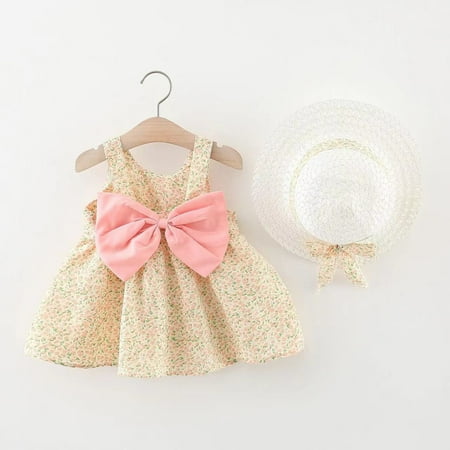 

pop seller Girls Baby Children s Stitching Cute Ha Dress Suspenders Dress + Hat Two-Piece Set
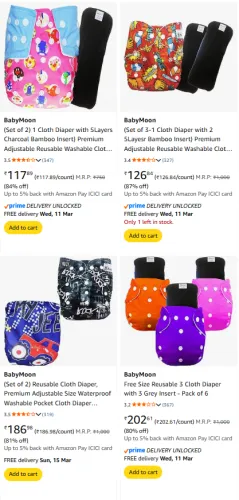 Image of Babymoon Reusable Cloth Diaper Set @ Starting ₹106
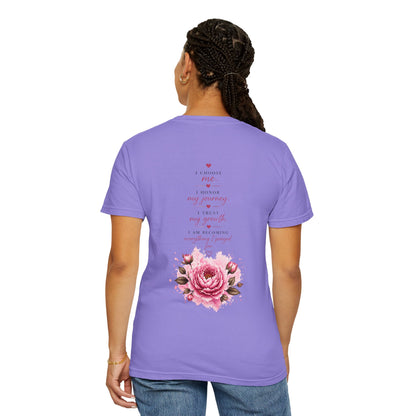T-Shirt — "Still Healing" Inspirational Recovery Tee (Pink Floral)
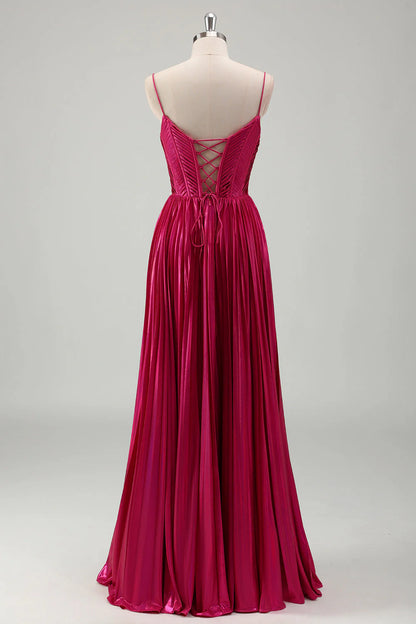 A-line slim suspender tight corset pleated metal ball dress with back straps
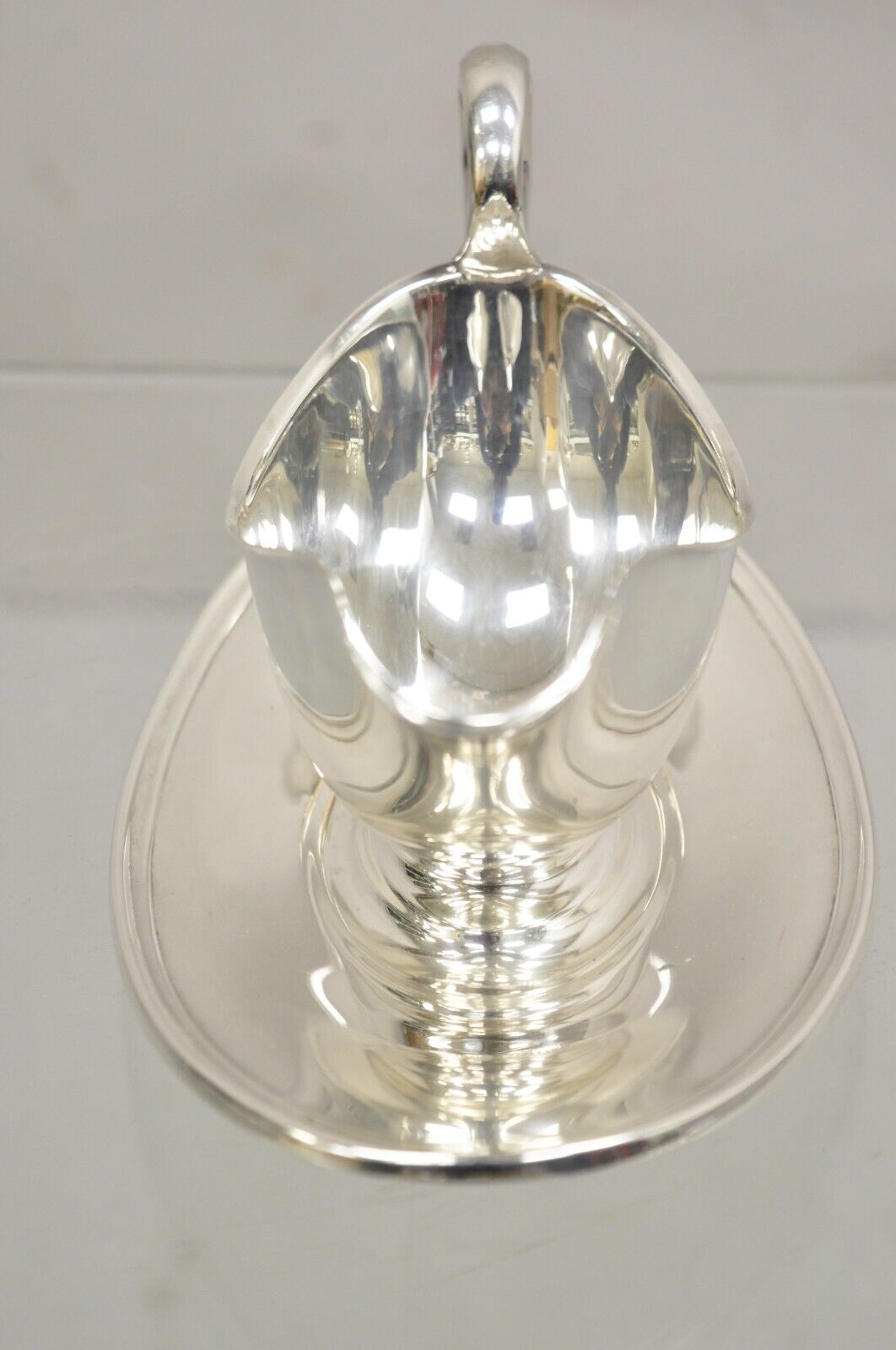 Vintage Gorham YC430 Silver Plated Victorian Gravy Boat With Attached Underplate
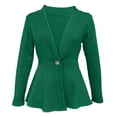 thumbnail image 5 of Gytharion Women's Solid Color Cardigans Waist Cinched Peplum Hem Open Front Coats Long Sleeve Single Button Casual Outwear Coats, 5 of 5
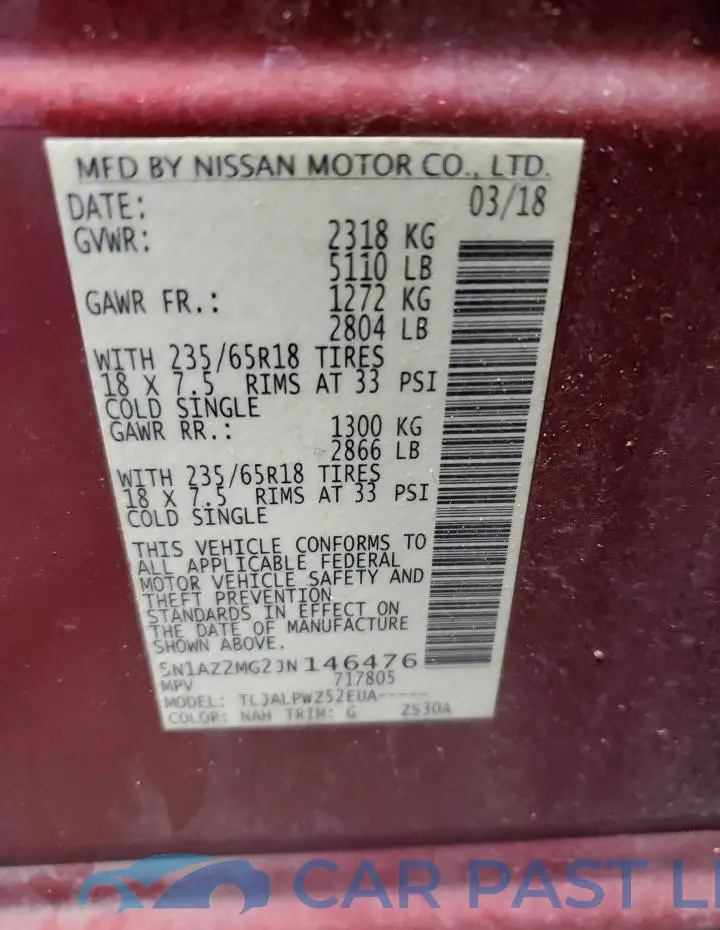 5N1AZ2MG2JN146476# 13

§ §

> WORK ORDER:
Could you set down every entry above exactly as it stands, with no images?

> TASK RESULT:
pop seller Girls Baby Children s Stitching Cute Ha Dress Suspenders Dress + Hat Two-Piece Set
 Image of Babymoon Reusable Cloth Diaper Set @ Starting ₹106
T-Shirt — "Still Healing" Inspirational Recovery Tee (Pink Floral)
 A-line slim suspender tight corset pleated metal ball dress with back straps
 Vintage Gorham YC430 Silver Plated Victorian Gravy Boat With Attached Underplate
 thumbnail image 5 of Gytharion Women's Solid Color Cardigans Waist Cinched Peplum Hem Open Front Coats Long Sleeve Single Button Casual Outwear Coats, 5 of 5
 5N1AZ2MG2JN146476# 13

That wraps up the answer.